To the left of the house, a section of red-brick garden wall had been removed to make room for a garage. This garage was constructed in a style and of materials different from those of the house. Large slabs of asbestos strengthened at intervals formed three of its sides, the front being entirely formed by two doors of a light metal. Small sealed windows were set above the doors at the front and in a similar position at the rear (the rear one being concealed from G’s point of observation), the whole being capped by a corrugated metal roof.
Thus from G’s post at the table in the café he could observe seven windows belonging to Mr Mary’s property; equally, he could be observed where he sat from seven windows belonging to Mr Mary’s property.
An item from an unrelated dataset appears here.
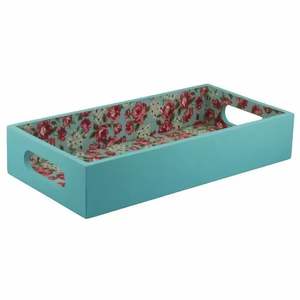 Plateau de service élégant en MDF pour le service en chambre d'hôtel et l'utilisation domestique polyvalente |   Finition lisse, qualité durable - Product Image 3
He saw no movement at any of the windows.
G. F. Watt now returned through the door bearing the advertisement for a circus. He had disposed of the cleaning machine in the back regions of his premises; he bore a tray which he carried round the counter and placed on top of the red and white squared tablecloth, pronouncing as he did so a tentative opening to a conversation.
‘Another strike in the car factory.’
‘They say the conditions are bad.’
‘Conditions have been worse.’
‘I’m sure you are quite right, that is the price we have to pay for progress – conditions have always been worse. It’s like in the fish shortages.’
‘How do you mean? This is a fine piece of poached haddock.’
‘In a fish shortage, the price of fish goes up.’
‘Taste your poached haddock.’
‘The coffee is good.’
‘The haddock?’
‘Excellent. Poached to a turn. Are you busy?’
‘I haven’t seen Mr Mary’s wife this morning.’
‘Perhaps it’s the strike?’
‘How do you mean?’
‘There’s another strike in the car factory. They say conditions are bad.’
‘How do you mean?’
‘Men hanging about the streets. She might not like to go out.’
‘I see what you mean.’
‘Men hang about in the streets, you know.’
The two men both cast their gaze into the deserted road. G. F. Watt did not remove his until G had finished the meal; even then, he continued standing exactly where he was, close behind the chair that folded efficiently, so that when G rose to go he pushed the table forward to enable himself to rise. G moved to the door, opened it and went through onto the pavement. He looked up and down the road, found it empty of cars, and crossed it, heading for the brown side gate. The brown side gate was open, as he had left it.
G went through the gate and made for the wooden bungalow. When he reached it, he put his shoulder to the door of the wooden bungalow and pushed it open. The key lay inside on the floor, on the bare boards between the threshold of the door and the first of the fibre mats with green and orange stripes. G entered the bungalow without picking up the key.